わすれた

「あああああマスターあああああ」

そんな叫び声を上げながら研究室に入ってきたマイルを見て、マスターと呼ばれたシーザー・クラウンは手を止めた。

「どうした、マイル」

「あああだめなんだマスター、ここから逃げないと。奴等が来るんだよ。きっと僕を捕まえてくる。黒くて赤くて紫のもやもやが来て、母さんに僕をなくしてしまうんだ。きっとみんな、雲のなかに父さんは息が苦しくなる。きっと頭が変わってしまう。薬に入れているんだ。心臓と髪の毛と爪を食べてるんだよ。僕にはマスターしかいないんだ。マスターマスターマスターたすけてたすけてしんでしまうよ僕がころされてしまうよ」

その言葉は支離滅裂で、まるで文章になっていなかった。それを視線を泳がせながら話すマイルが正気ではないのは誰が見ても一目瞭然である。
平常な人がこのマイルを見れば、きっと強く頭を打ったのだろうと思うか、病院に通うことを勧めるか、はたまた見て見ぬ振りをするかのどれかだろう。

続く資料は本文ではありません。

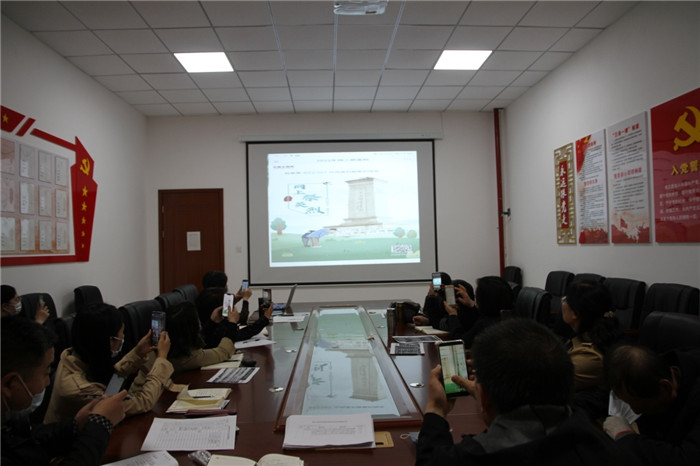 圖片4.jpg 圖片4.jpg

実際、その光景を見てシーザーと一緒にいた部下は、関わりたくないとばかりに眉間にシワを寄せていた。

しかし、そんなことにも動揺することはなく、シーザーはマイルの頭をゆっくり撫でて言う。

「……マイル、疲れてるんじゃないのか?薬でも飲んで休んでたらどうだ」

「マスター、マスター、ああああマスターマスターマスター」

シーザーが声を掛けても壊れた機械のように言葉を繰り返すマイルは、もう何処も見ていないし、声もきっと聞こえていない。何も届いていない。いつも以上に精神状態が悪いようだった。心なしか顔色が悪く、ふらふらとしていて今にも倒れそうだ。


「……おいお前、そこの棚の下から二番目にある赤い瓶を取ってきてくれ」

シーザーは、視線をマイルから離さず近くにいた部下にそう命じた。

すると命じられた部下は、二つ返事ですぐに棚から二番目にある一際目立つ赤いデザインの瓶を取ってきてシーザーに渡す。
ガラスが赤すぎて、中に何が入っているのかは見えない。

「シュロロロ……これでも飲んで寝ておけ」

シーザーは赤い瓶に入っている薬を取りだし、マイルの手に握らせるとそう言った。
取り出した薬もまた同じように毒々しく赤い。いったいなんの薬なのか見た目からは検討もつかないが、おそらく精神安定剤か睡眠薬だろう。

マイルはシーザーに勧められるまま、まるで魂が抜けたようなからっぽの表情でそれを口に運んだ。匂いも無いが味も無い。
もしかしたら本来味はあるのかもしれないが、マイルにはそれは感じられなかった。


それだけ渡すと、シーザーは部下にマイルをマイルの部屋まで連れていくように命じた。
命じられた部下は少し焦ったが、マスターがそう言うならとその命令に従ってマイルの手を引き研究室を出る。

しかし、それでもマイルの心は晴れなかった。どうしてかわからないが、頭が酷く痛い。いつから?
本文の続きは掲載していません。